BEGIN
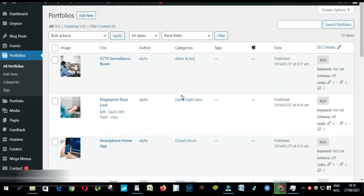You can set your pages to Noindex in bulk or individually. I will show you first how to Noindex a portfolio URL individually.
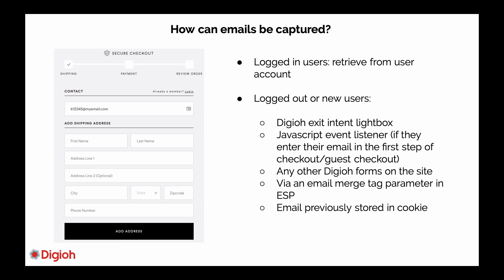If you have any other Digio forms on the site, we can use those to capture emails. If you use email merge tags in your email newsletters, and someone clicks on a link in the newsletter, their email address will be appended to the URL, and we can capture their email from there. If a visitor has previously given you their email address and they return to the site, even if they're not logged in, we can have their email address stored in a cookie, so that if they exit checkout, we can send them cart abandonment emails.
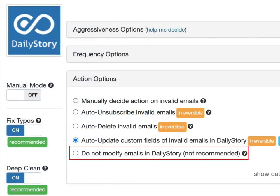The final option is do nothing. Basically, all this option does is send you an email report of the latest Floss session, but doesn't actually change anything inside of daily story or MailFloss.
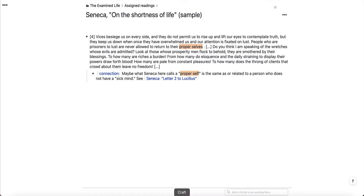In the previous video, where I talked about making connections between different readings, I showed you one of two ways to transclude text in RemNote. In this video, I'm going to show you the second way of transcluding text. The way I showed you in the previous video involved copying the Rem reference and then pasting it where you want the transcluded text to appear.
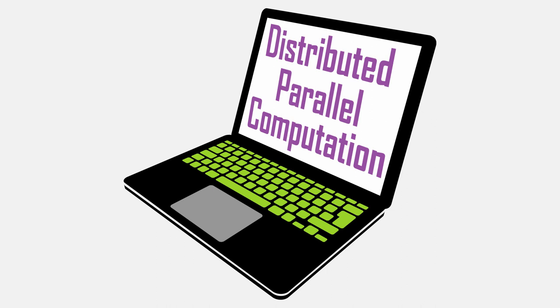You don't always need a cluster of servers to perform parallel processing. Sometimes you can just use your laptop. Let's take a look at how this became possible.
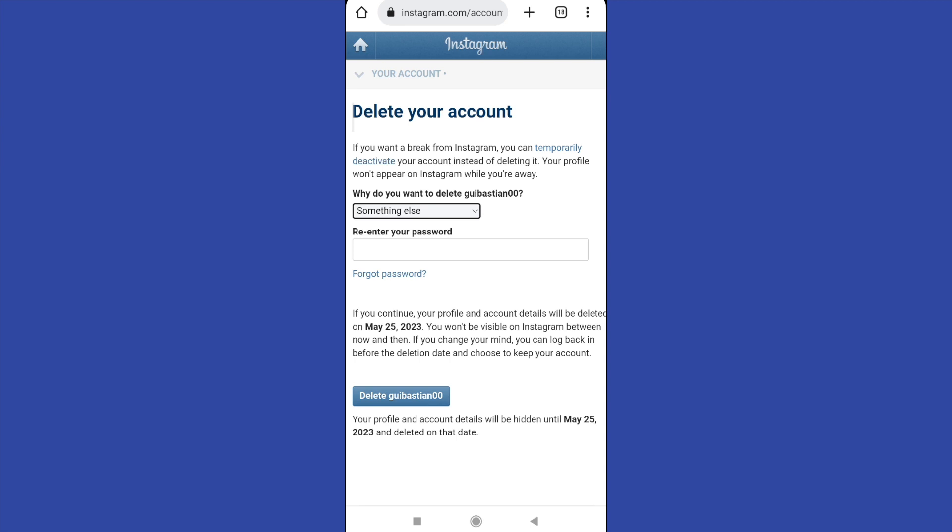Those are the solutions to deactivate your Instagram account without waiting a week.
END
**Task statement**
Now repeat exactly the lines from the one with "You don't always" through the end of the listing above, both included, omitting all pictures.

**Task solution**
You don't always need a cluster of servers to perform parallel processing. Sometimes you can just use your laptop. Let's take a look at how this became possible.
Those are the solutions to deactivate your Instagram account without waiting a week.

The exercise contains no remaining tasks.